** Required work **
Look for the line with "Hey, so this" in the entries below, then extract that line and all lines after it exactly, with pictures left out.

** Record set **
******
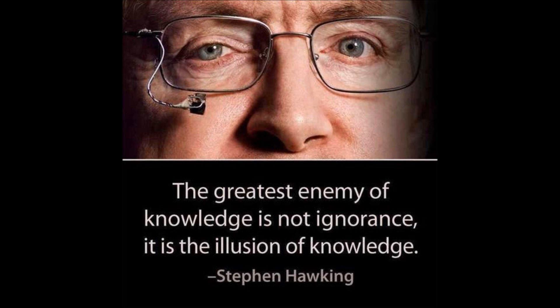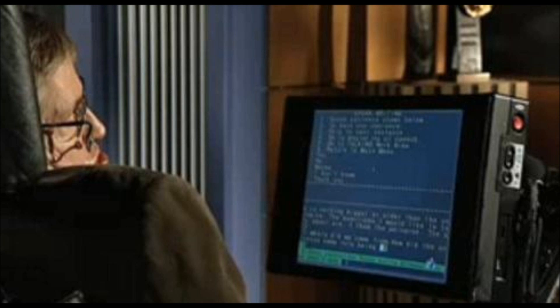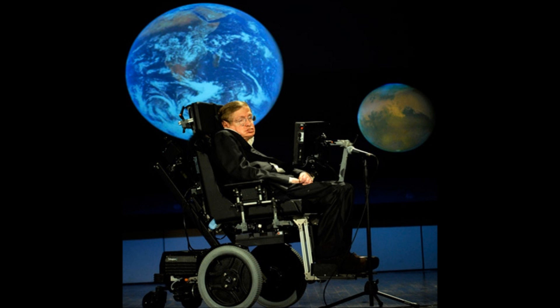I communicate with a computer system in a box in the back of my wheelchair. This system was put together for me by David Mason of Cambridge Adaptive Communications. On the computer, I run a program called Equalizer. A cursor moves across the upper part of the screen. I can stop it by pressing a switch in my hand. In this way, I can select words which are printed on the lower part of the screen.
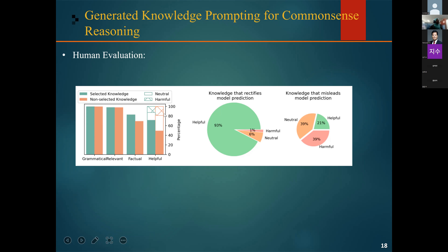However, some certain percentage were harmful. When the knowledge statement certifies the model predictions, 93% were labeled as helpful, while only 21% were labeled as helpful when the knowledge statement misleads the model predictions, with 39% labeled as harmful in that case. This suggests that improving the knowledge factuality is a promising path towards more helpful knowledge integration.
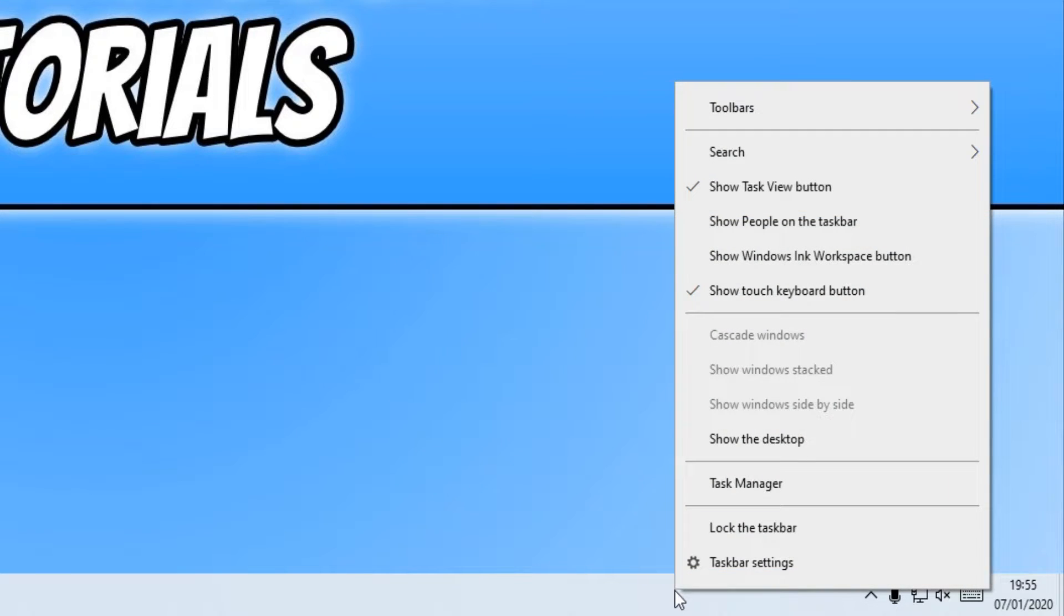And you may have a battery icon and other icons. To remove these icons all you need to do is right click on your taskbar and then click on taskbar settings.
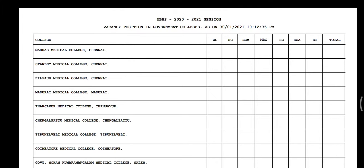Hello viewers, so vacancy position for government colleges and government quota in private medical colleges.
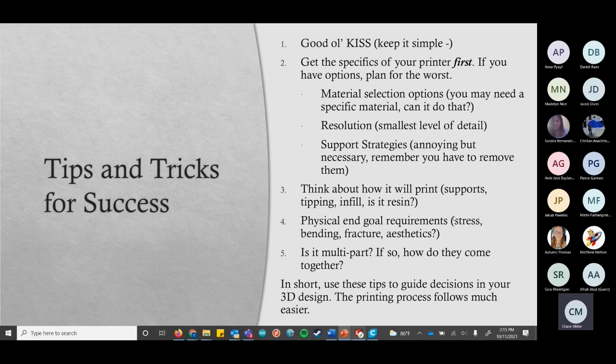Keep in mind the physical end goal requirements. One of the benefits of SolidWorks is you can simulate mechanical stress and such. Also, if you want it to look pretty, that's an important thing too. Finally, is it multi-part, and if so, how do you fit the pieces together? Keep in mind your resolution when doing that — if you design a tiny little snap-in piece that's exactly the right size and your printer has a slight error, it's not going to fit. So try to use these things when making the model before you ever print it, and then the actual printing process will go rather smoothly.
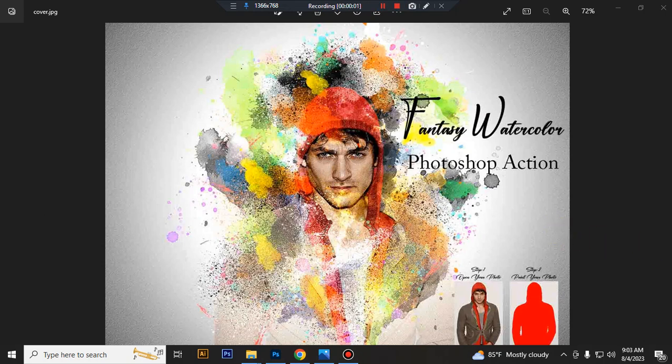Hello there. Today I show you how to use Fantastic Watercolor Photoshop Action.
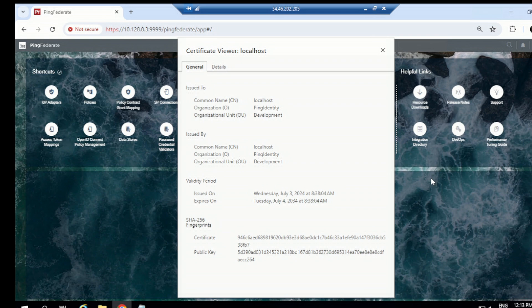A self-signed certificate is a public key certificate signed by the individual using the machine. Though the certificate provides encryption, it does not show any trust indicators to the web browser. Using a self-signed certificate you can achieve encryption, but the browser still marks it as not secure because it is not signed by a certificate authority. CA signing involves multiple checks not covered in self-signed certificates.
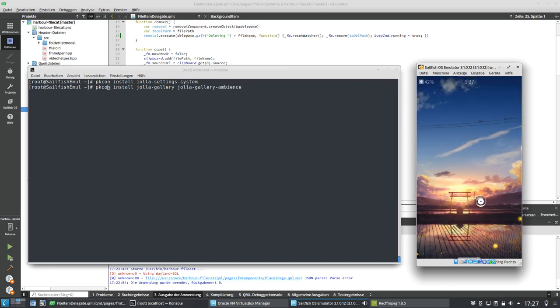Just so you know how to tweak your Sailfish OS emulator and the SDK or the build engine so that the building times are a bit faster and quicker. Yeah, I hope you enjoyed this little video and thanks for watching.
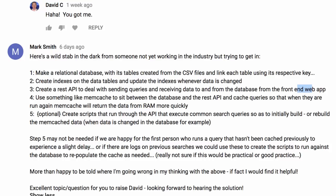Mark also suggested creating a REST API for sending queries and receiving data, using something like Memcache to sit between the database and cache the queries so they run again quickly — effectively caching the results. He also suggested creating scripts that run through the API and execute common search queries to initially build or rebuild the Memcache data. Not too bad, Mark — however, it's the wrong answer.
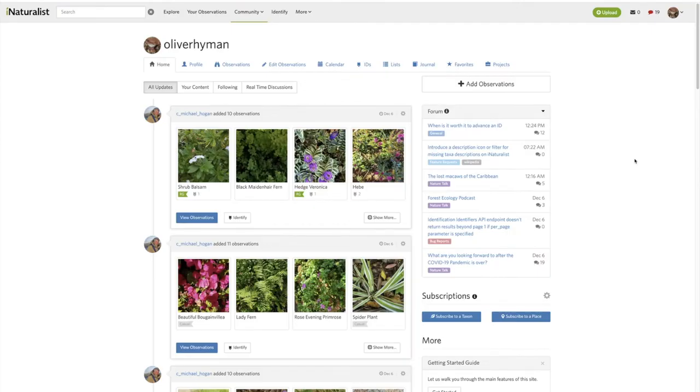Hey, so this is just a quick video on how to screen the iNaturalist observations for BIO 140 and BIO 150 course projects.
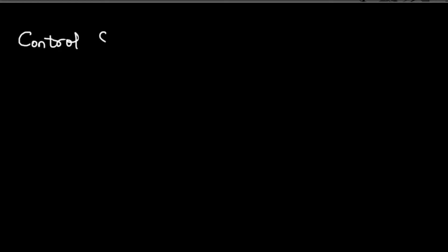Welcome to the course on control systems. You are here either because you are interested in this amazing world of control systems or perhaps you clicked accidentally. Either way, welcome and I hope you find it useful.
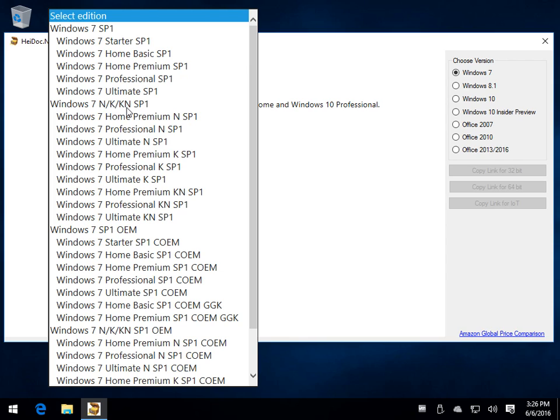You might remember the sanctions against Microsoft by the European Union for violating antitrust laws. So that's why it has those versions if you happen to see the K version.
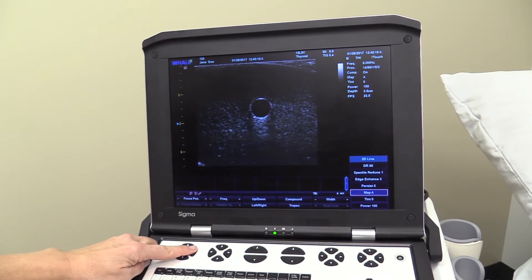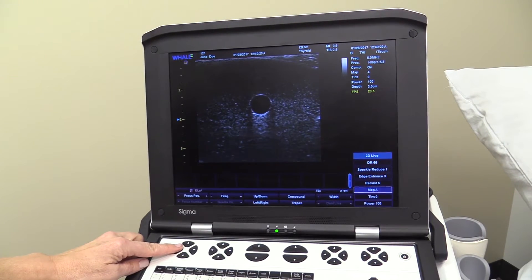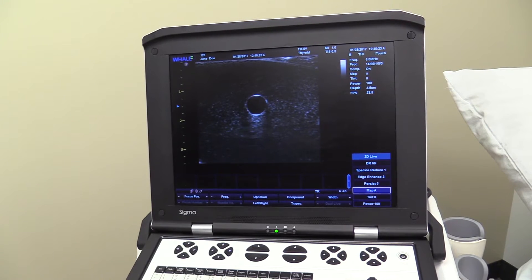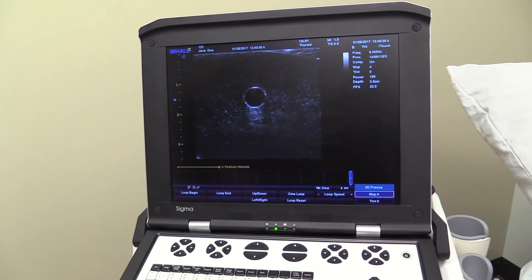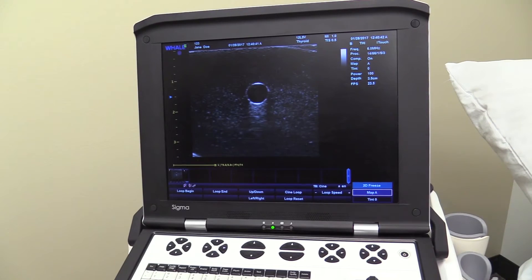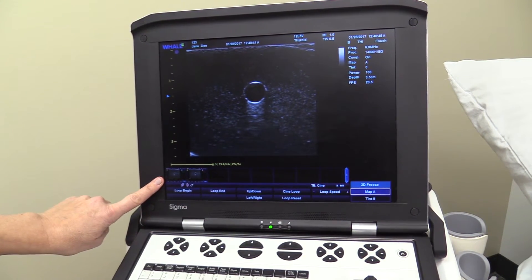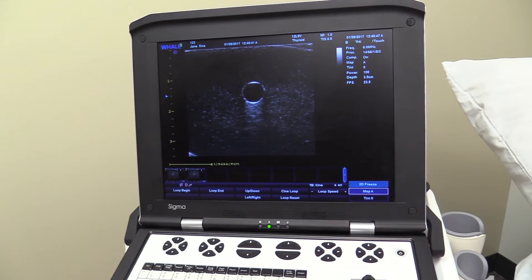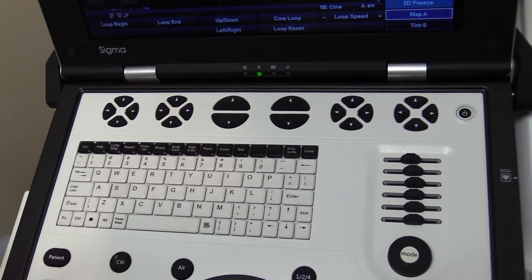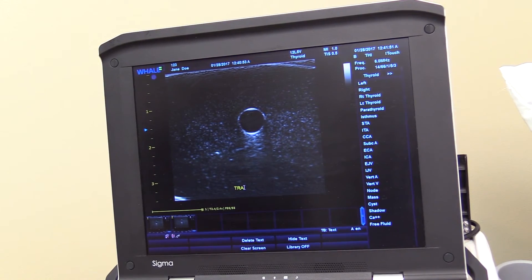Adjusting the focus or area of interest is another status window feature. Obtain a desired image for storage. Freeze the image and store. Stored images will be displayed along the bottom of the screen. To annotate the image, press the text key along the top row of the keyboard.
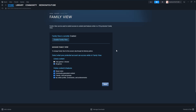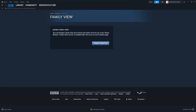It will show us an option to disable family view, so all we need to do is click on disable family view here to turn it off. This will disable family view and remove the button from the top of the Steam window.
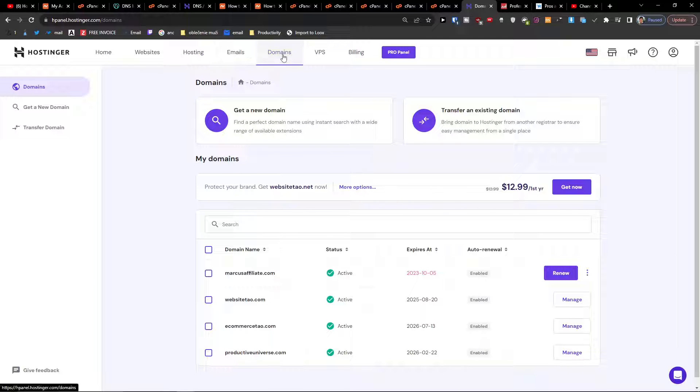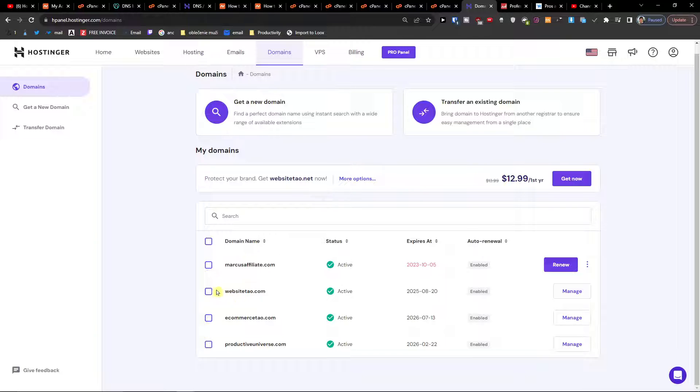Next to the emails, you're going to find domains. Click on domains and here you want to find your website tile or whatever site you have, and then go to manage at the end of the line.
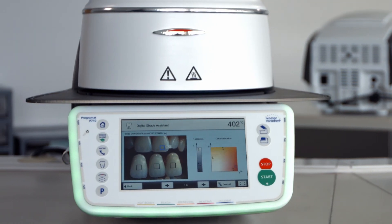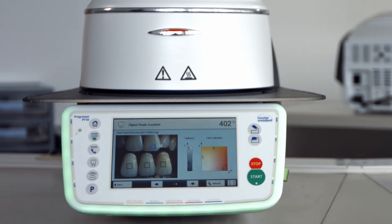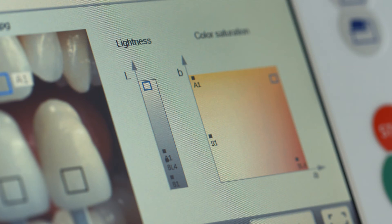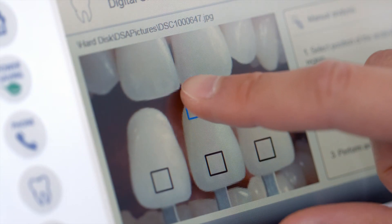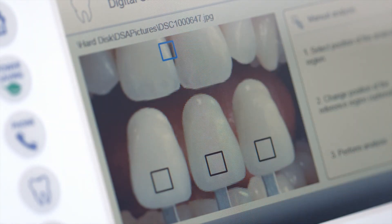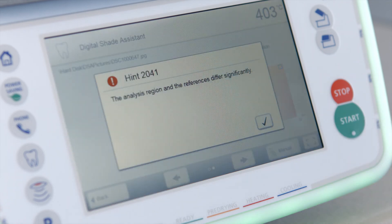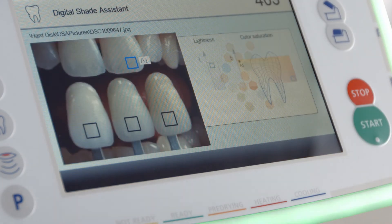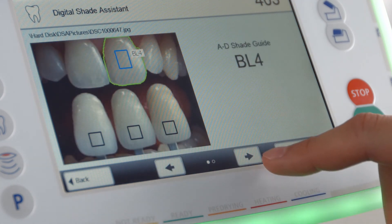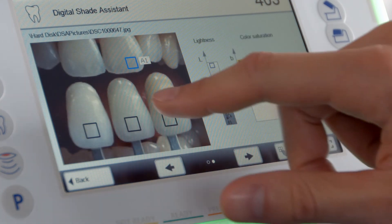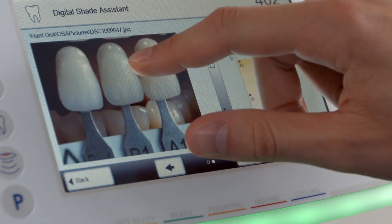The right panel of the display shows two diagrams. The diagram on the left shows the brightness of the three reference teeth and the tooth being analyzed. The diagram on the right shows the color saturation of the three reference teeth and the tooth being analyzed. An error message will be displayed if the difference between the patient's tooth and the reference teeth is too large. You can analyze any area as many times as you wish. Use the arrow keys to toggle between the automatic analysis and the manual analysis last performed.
******
** Final answer **
Hey, so this is just a quick video on how to screen the iNaturalist observations for BIO 140 and BIO 150 course projects.
Welcome to the course on control systems. You are here either because you are interested in this amazing world of control systems or perhaps you clicked accidentally. Either way, welcome and I hope you find it useful.
You might remember the sanctions against Microsoft by the European Union for violating antitrust laws. So that's why it has those versions if you happen to see the K version.
Adjusting the focus or area of interest is another status window feature. Obtain a desired image for storage. Freeze the image and store. Stored images will be displayed along the bottom of the screen. To annotate the image, press the text key along the top row of the keyboard.
It will show us an option to disable family view, so all we need to do is click on disable family view here to turn it off. This will disable family view and remove the button from the top of the Steam window.
Next to the emails, you're going to find domains. Click on domains and here you want to find your website tile or whatever site you have, and then go to manage at the end of the line.
The right panel of the display shows two diagrams. The diagram on the left shows the brightness of the three reference teeth and the tooth being analyzed. The diagram on the right shows the color saturation of the three reference teeth and the tooth being analyzed. An error message will be displayed if the difference between the patient's tooth and the reference teeth is too large. You can analyze any area as many times as you wish. Use the arrow keys to toggle between the automatic analysis and the manual analysis last performed.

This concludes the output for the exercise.